Only the most hard-hearted won’t be happy that Sgt. Bowe Bergdahl will soon be coming home to his family after five years as a prisoner of Afghanistan’s Taliban, but only the most soft-headed won’t have worries about how it was accomplished. Soft-headedness being so much more prevalent among the American public these days than hard-heartendness, the happiness is bound to play better in the press than the worries.
Bergdahl’s release comes in exchange for the release of five very dangerous men currently being held at the Guantanamo Bay detention facility, an arrangement of dubious legality, and is intended mainly to meet a pre-condition for negotiations with the Taliban that will likely lead to even more worrisome concessions. There are also questions about whether Bergdahl was a prisoner of war or a deserter, and ample reason to believe that he’s not the gung-ho soldier the script requires. None of this should cause any worry to the Obama administration, however, which will likely benefit from the inevitable news footage of the Sergeant and his mother embracing at last.

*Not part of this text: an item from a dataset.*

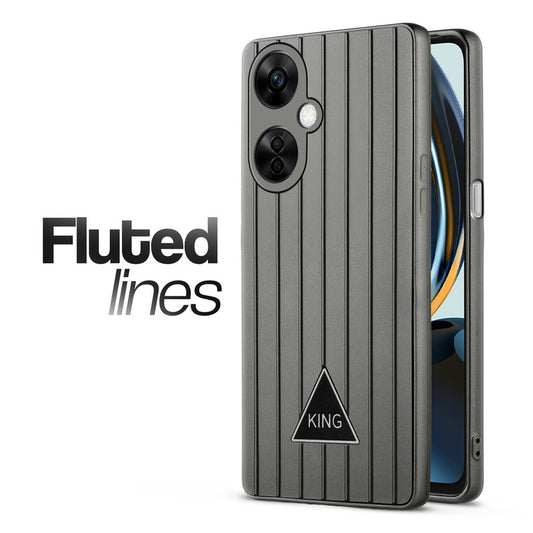 Glossy Matte Line Texture Back Cover for OnePlus Nord CE 3 Lite 5G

The emotions of that moment will be prominently displayed on the front page of every newspaper in the country and impossible to dismiss, while the potential carnage and heartbreak made possible by the release of five is less easily grasped and impossible to photograph. The Obama administration has always intended to empty Guantanamo Bay, and the return of lone American prisoner of the Afghanistan War provides an excellent opportunity to reduce its population of detainees by five. With the end of the war already scheduled to coincide with the next presidential election, regardless of conditions on the ground, the heart-touching photographs of a soldier back in his adoring hometown will be useful in the mid-terms. Should any of the released terrorists succeed in their stated goals of mass-murdering Americans, Bergdahl and the conditions of his release will be long forgotten and politely unmentioned by most of the media.
Any questions of legality should also be answered by that front page photo of the mother and child reunion. From Obamacare to the Mexican border to the bureaucrats of the Internal Revenue Service such niceties as the rule of law are routinely flouted, and few will insist on any sort of punctiliousness when the administration can claim with a straight face that after five years they had too short a time to comply with the law and still save Bergdahl’s life. That the law was intended to prevent the release of dangerous terrorists will be little noted for the reasons explained in the previous paragraph.

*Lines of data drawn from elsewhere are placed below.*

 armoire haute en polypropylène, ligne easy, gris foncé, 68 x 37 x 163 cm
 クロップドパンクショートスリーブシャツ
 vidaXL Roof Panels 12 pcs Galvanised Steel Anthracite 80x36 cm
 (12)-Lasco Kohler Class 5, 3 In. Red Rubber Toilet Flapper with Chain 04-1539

Nor will most of the public take notice that while the administration is declaring something akin to victory in Afghanistan it is opening negotiations with the enemy by making concessions. At this point the left that opposed the war from the beginning is willing to end it on any terms, the right that supported the effort has long since given hope that the current administration will see it to a successful conclusion, and the vast majority of those in the middle will be satisfied that they don’t have to hear about it anymore. The mother and child reunion will be the happiest memory of the war, and the only one that sticks.
If Bergdahl proves less than the heroic figure required for the role, they can always change the script. A man embittered by the futile war that George W. Bush started but but liberated from its captivity by the noble Obama who ended it will make a suitable narrative, no matter that Obama had also advocated the war and was running it at the time of Bergdahl’s capture. Even the most far-fetched story lines work when the visuals are so strong as a small town and a mother embracing a returning soldier.

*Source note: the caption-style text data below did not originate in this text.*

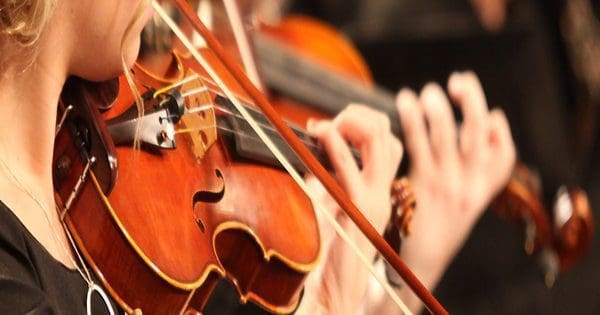 blog picture of violinists performing up close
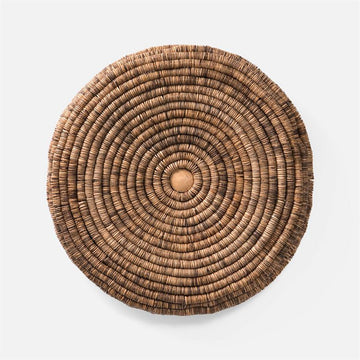 Made Goods Qiana 28-Inch Round Coco Bead Wall Art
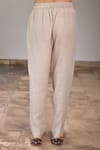 Buy_Linen Bloom_Beige Pure Linen Pants _Online_at_Aza_Fashions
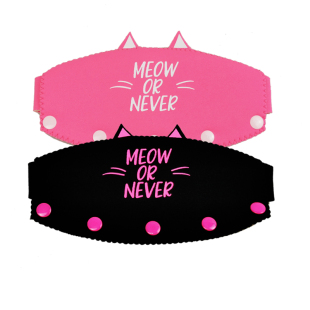 AturDive潜水面镜带新款卡通猫咪潜水发带大神自由潜水面镜海洋风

Which is not to say that we’re so hard-hearted we won’t be a bit choked up when he’s back on American soil. We’re glad he’s coming home, and would advise any Republicans raising pertinent questions to make clear that they are as well. The cold calculations of war are unappealing, as as anyone who fell for the sappy sentimentalism of “Saving Private Ryan” should realize, and one should always make them with a realization of the humanity at stake, and not be indifferent to the emotion of a mother and child reunion. Still, those worries persist.